**EXERCISE REQUIREMENTS:** Every line below should come back exactly as written, though the pictures stay out.

**SOURCE MATERIAL:**
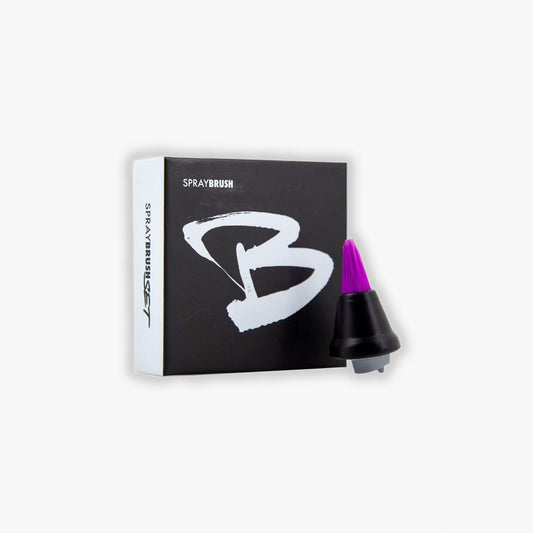 Night Quill Special Cap – Spray Brush Set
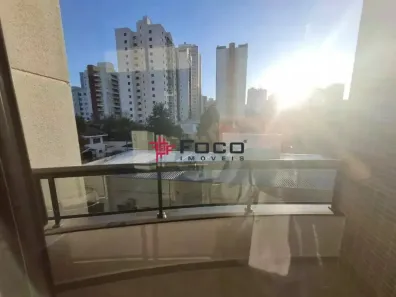 Apartamento com 1 Quarto para alugar, 78m² no Parque Residencial Aquarius, São José dos Campos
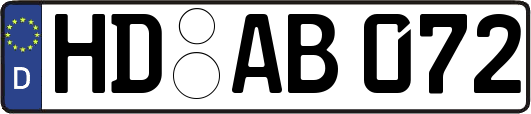 HD-AB072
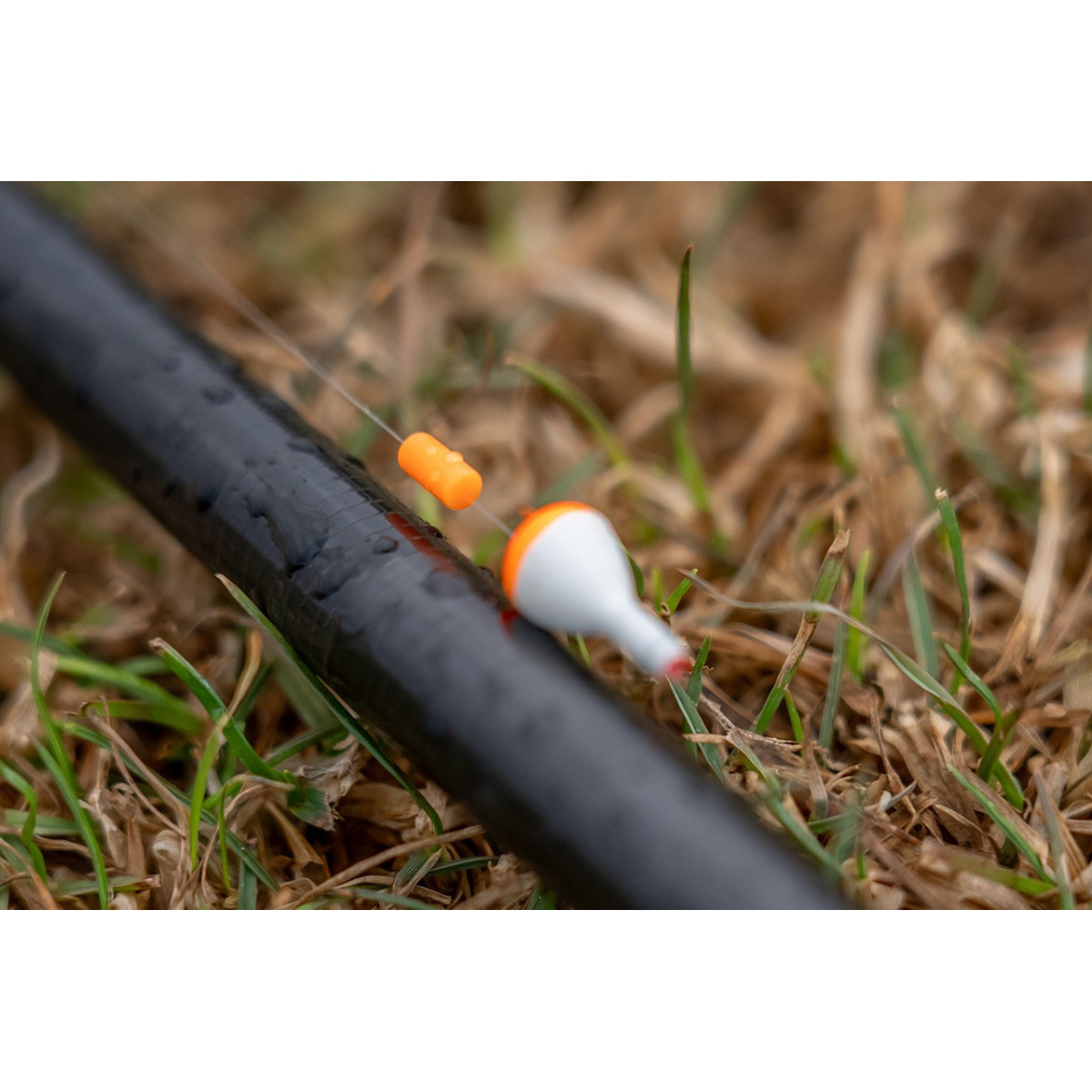 Stopery Guru Super Tight Line Stops Squared Orange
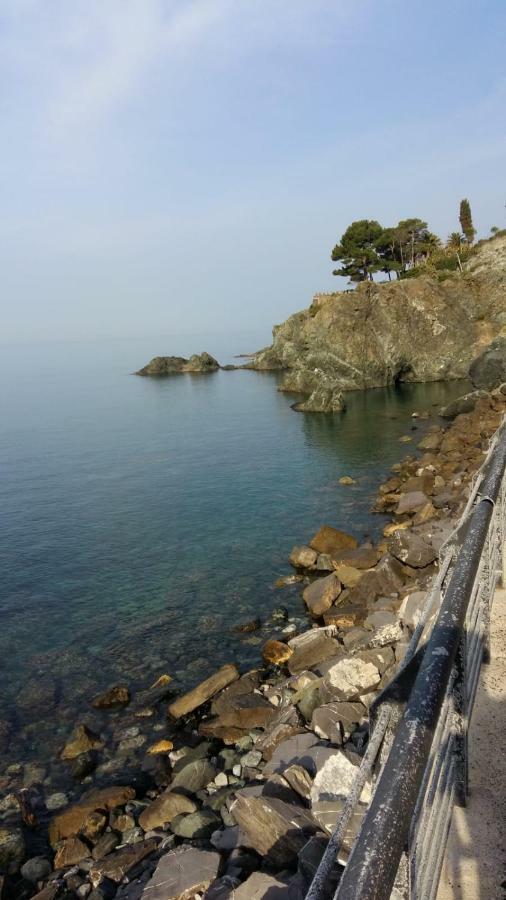 Casa Cinzia Bonassola Cinque Terre Apartment ภายนอก รูปภาพ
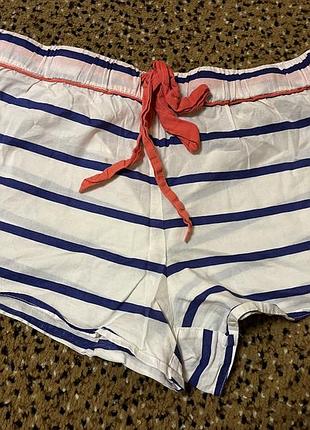 Шорти піжамні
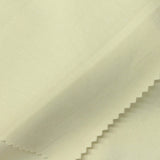 Washed Modal Polyester Stretch Scuba Knit Fabric, 239 gsm, 158 cm — Yellow — photo 1
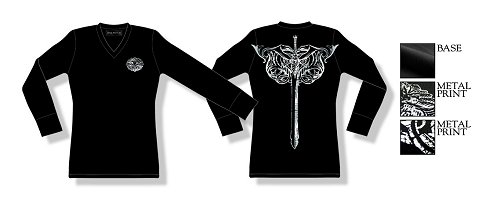 画像集#001のサムネイル/【リリース】「DEVIL MAY CRY 4」,オリジナルブランド商品を発売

**TASK ANSWER:**
 Night Quill Special Cap – Spray Brush Set
 Apartamento com 1 Quarto para alugar, 78m² no Parque Residencial Aquarius, São José dos Campos
 HD-AB072
 Stopery Guru Super Tight Line Stops Squared Orange
 Casa Cinzia Bonassola Cinque Terre Apartment ภายนอก รูปภาพ
 Шорти піжамні
 Washed Modal Polyester Stretch Scuba Knit Fabric, 239 gsm, 158 cm — Yellow — photo 1
 画像集#001のサムネイル/【リリース】「DEVIL MAY CRY 4」,オリジナルブランド商品を発売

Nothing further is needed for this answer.